The New Testament envisions a second way in which we become like Jesus. We are “possessed” by him. Possession has two dimensions: it can mean ownership—holding something as property. (I own my car, my books, my computer, and so forth.) In a similar sense, we are owned by God. We were bought with a price, and have become his willing slaves. As good slaves, we enact the will of our Master. His will and ours become fused.

But we are “possessed” in a deeper, more mysterious sense. We are possessed by God in the sense that we are inhabited by him. If I take possession of a house, I not only hold title to it; I also dwell in it. Christians are houses indwelt by God: “For we realize that our life in this world is actually his life lived in us!” Amazing! Christ abides in us through his Holy Spirit, and this possession completely alters the “structure”—us. We begin to speak like, sound like, act like the Spirit that lives within.
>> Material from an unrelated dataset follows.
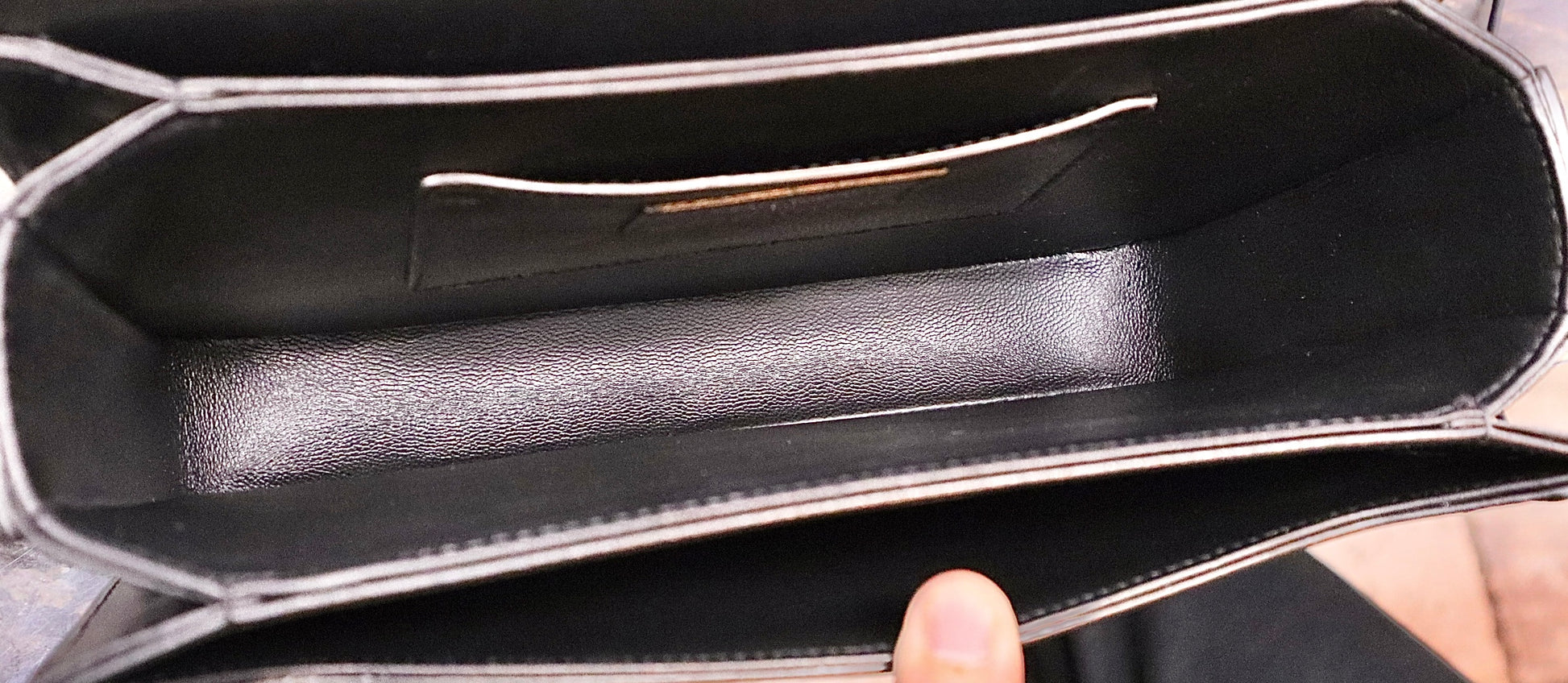 Inside of bag with black leather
Ancient Christians knew spirits lived inside people. The only question was, which spirits. The New Testament writers teach that the Spirit has taken up residence within us for a purpose—to shape us into the holy image of Jesus and to pour love into our hearts that spills out onto the whole world. This holy charity in us is the beginning and the ending of Christian motivation: “His love has the first and last word in everything we do…The very spring of our actions is the love of Christ” (2 Corinthians 5:14, The Message, Phillips).

The Grand Inquisitors Among Us

A tragedy in the Restoration Movement has been our forgetting the great principle of imitatio Christi: “As he is, so are we in this world.” Strangely, many well-meaning Christians have marginalized Jesus, preferring doctrinal formulations and outlines of God over the vision of God himself. For many, immersion in the Gospels for purposes of personal spiritual formation is an unknown practice. The consequences to spiritual leadership have been devastating.

Reuel Lemmons used to say that we have always had “secret admirers” of the Inquisition among us. When you read Dostoevsky’s “Grand Inquisitor,” you realize this brilliant writer knew exactly what happens to church leaders when they abandon Jesus as their guide and goal. Without Jesus as their template, they not only destroy souls, they do it with an innocent enthusiasm. Pascal, centuries ago, saw the horror inflicted by zealots: “Never does one do evil so fully and so gaily as when one does it as a matter of conscience” (#895).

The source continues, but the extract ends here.